**What the task asks**
In the data below, begin at the line with "Day trip to" and stop after the line with "King Room with Mountain View image 4"; output those lines exactly and no pictures.

____ Data section

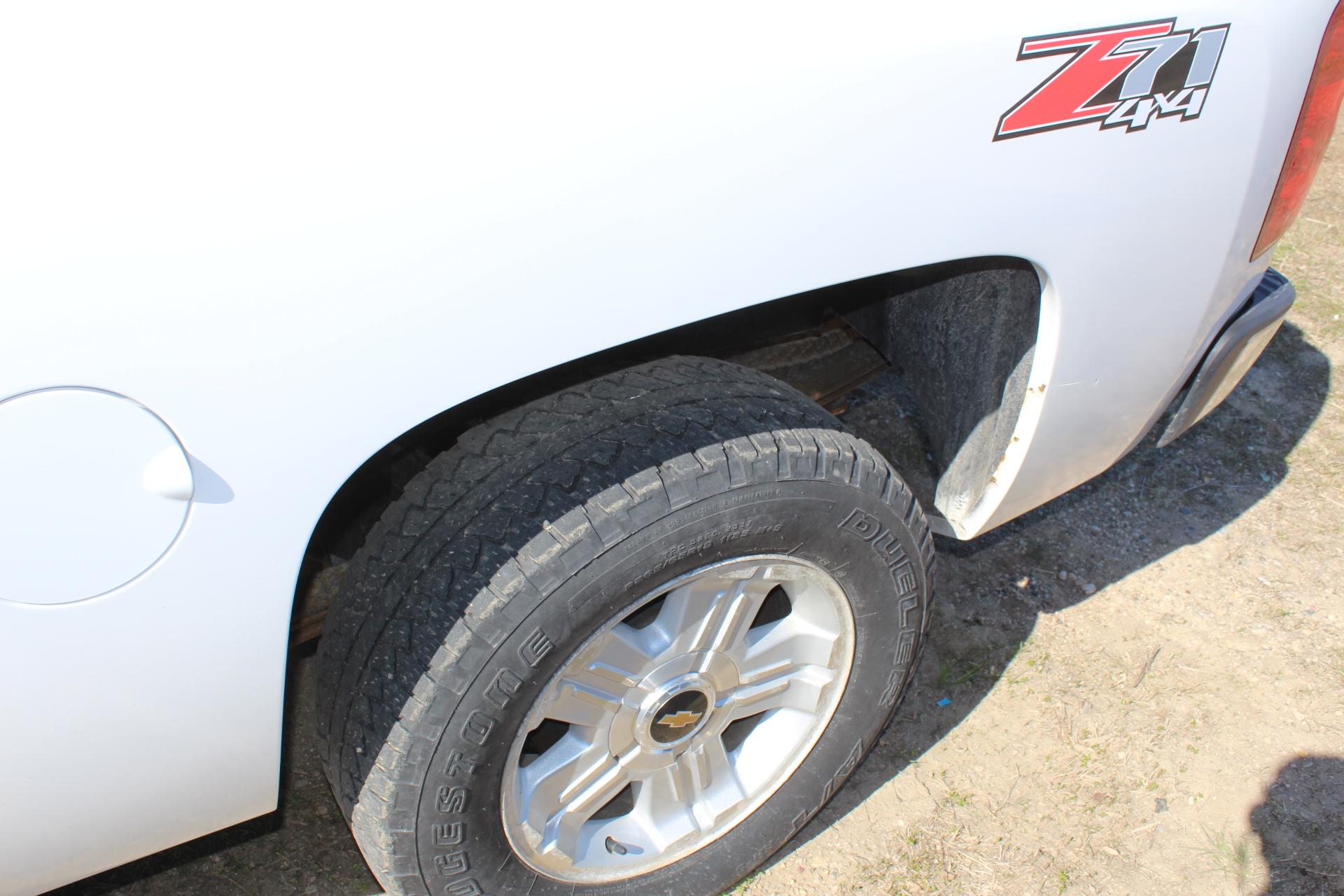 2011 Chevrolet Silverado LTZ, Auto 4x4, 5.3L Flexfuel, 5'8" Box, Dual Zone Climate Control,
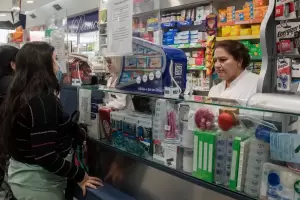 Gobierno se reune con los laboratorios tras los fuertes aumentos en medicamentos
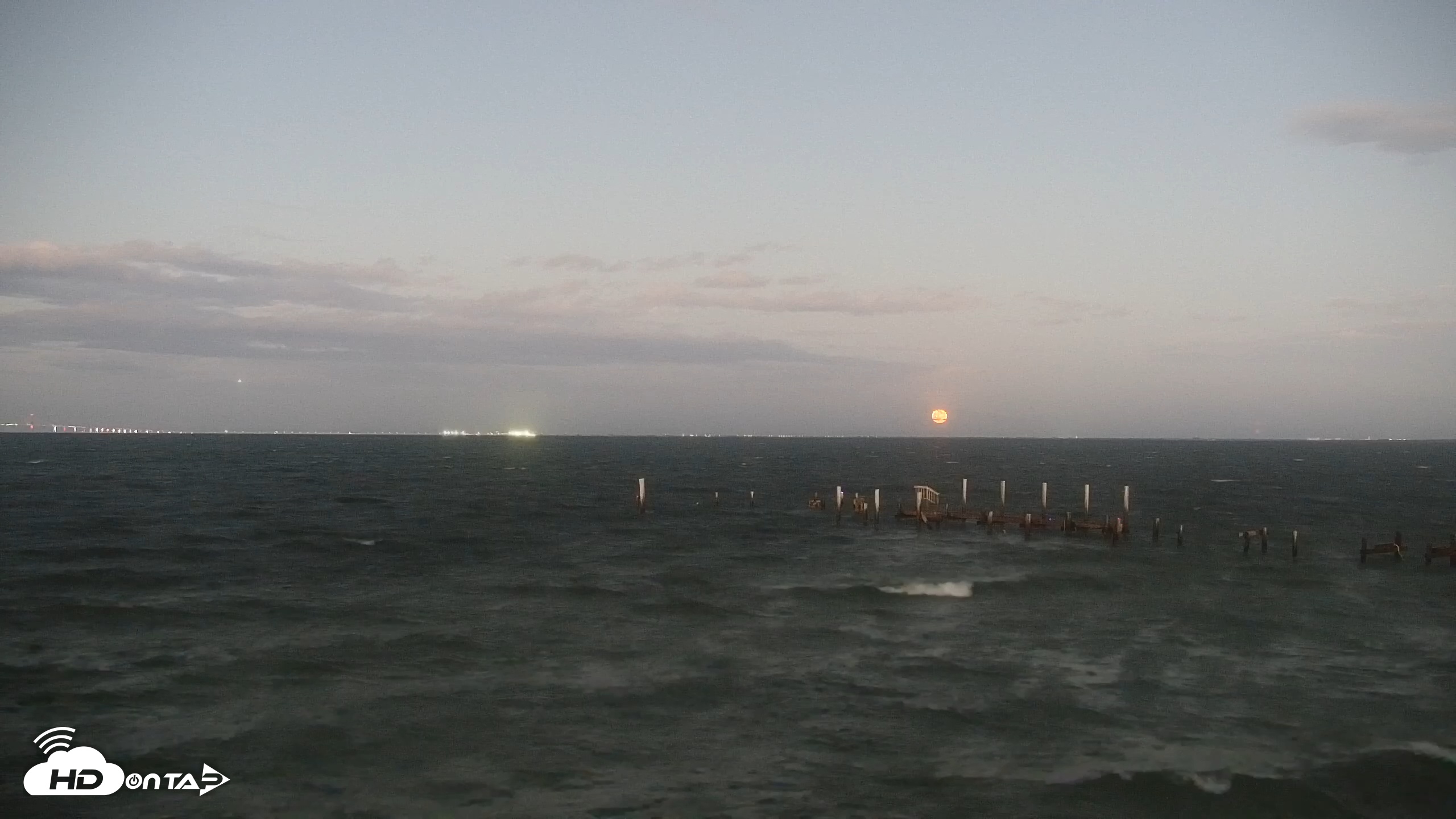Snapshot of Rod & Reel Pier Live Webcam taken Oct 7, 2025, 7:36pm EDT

________
____ Data section

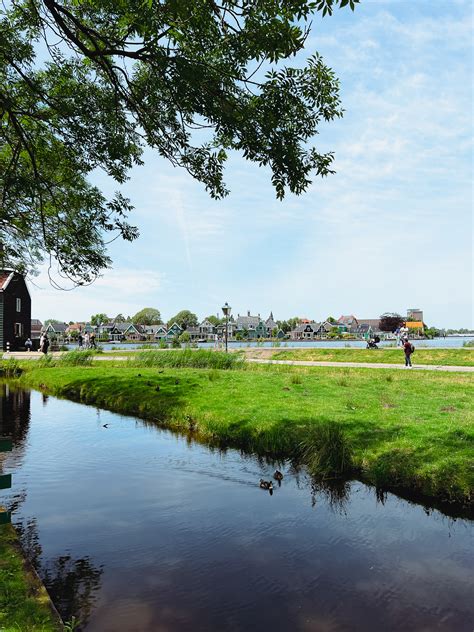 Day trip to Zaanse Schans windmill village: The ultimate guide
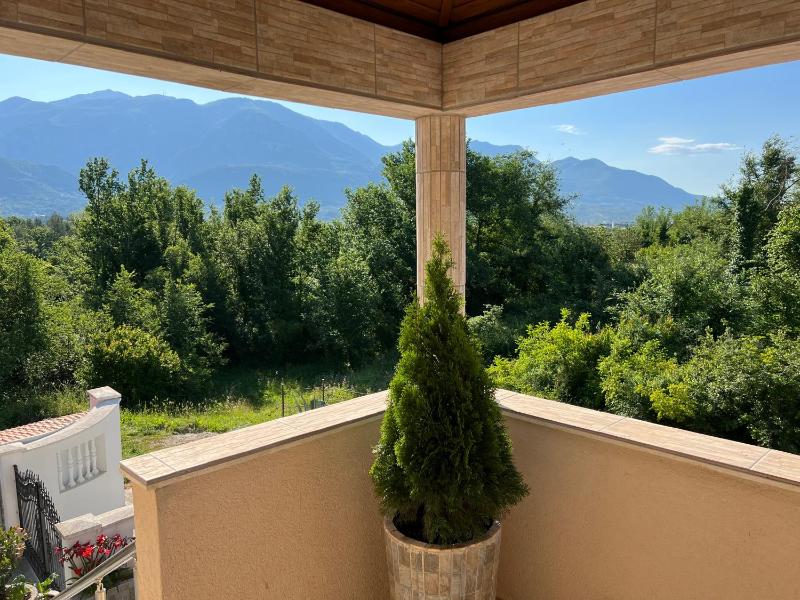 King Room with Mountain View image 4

________
____ Data section

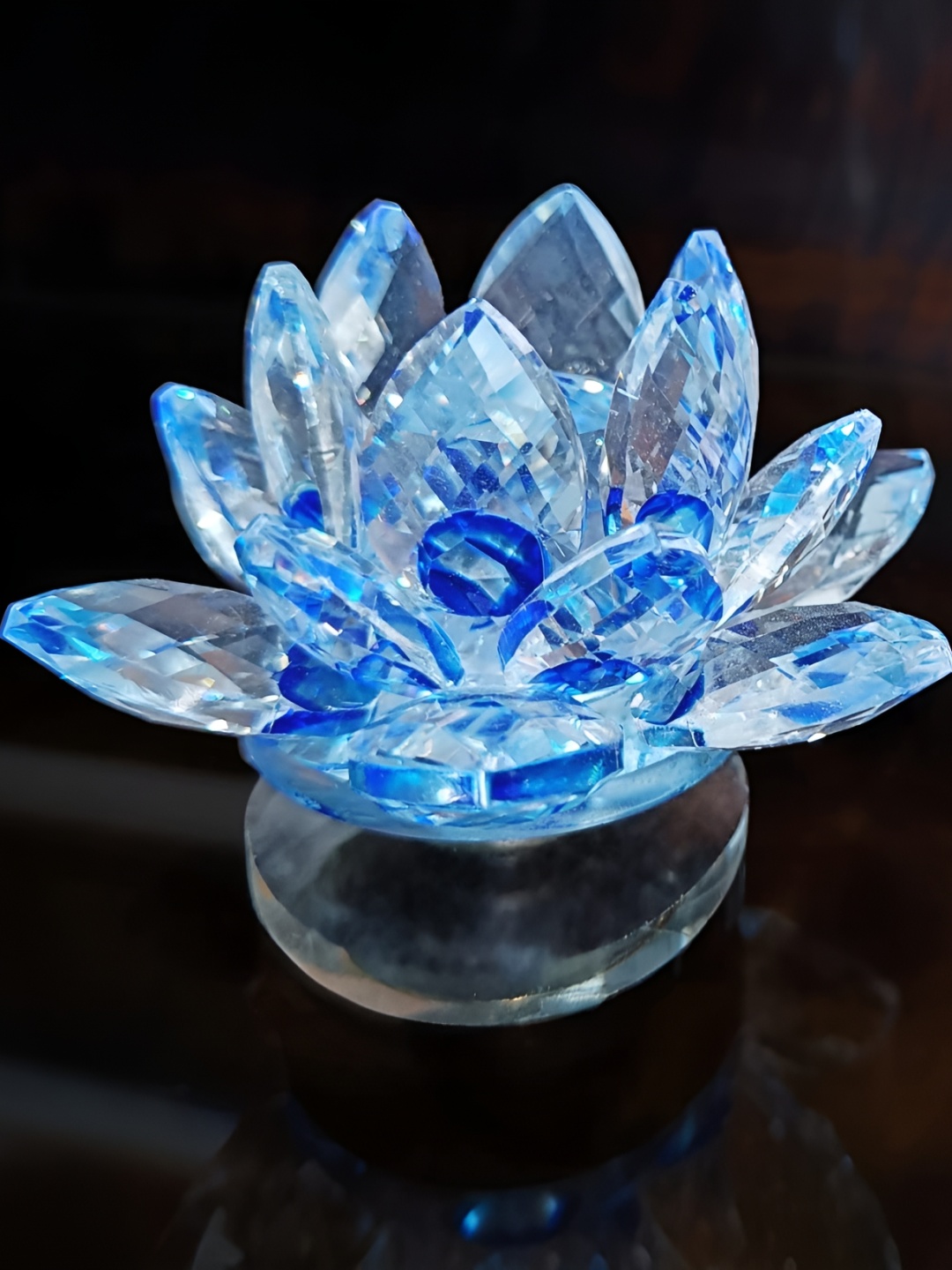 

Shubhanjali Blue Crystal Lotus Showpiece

________

**Response area**
 Day trip to Zaanse Schans windmill village: The ultimate guide
 King Room with Mountain View image 4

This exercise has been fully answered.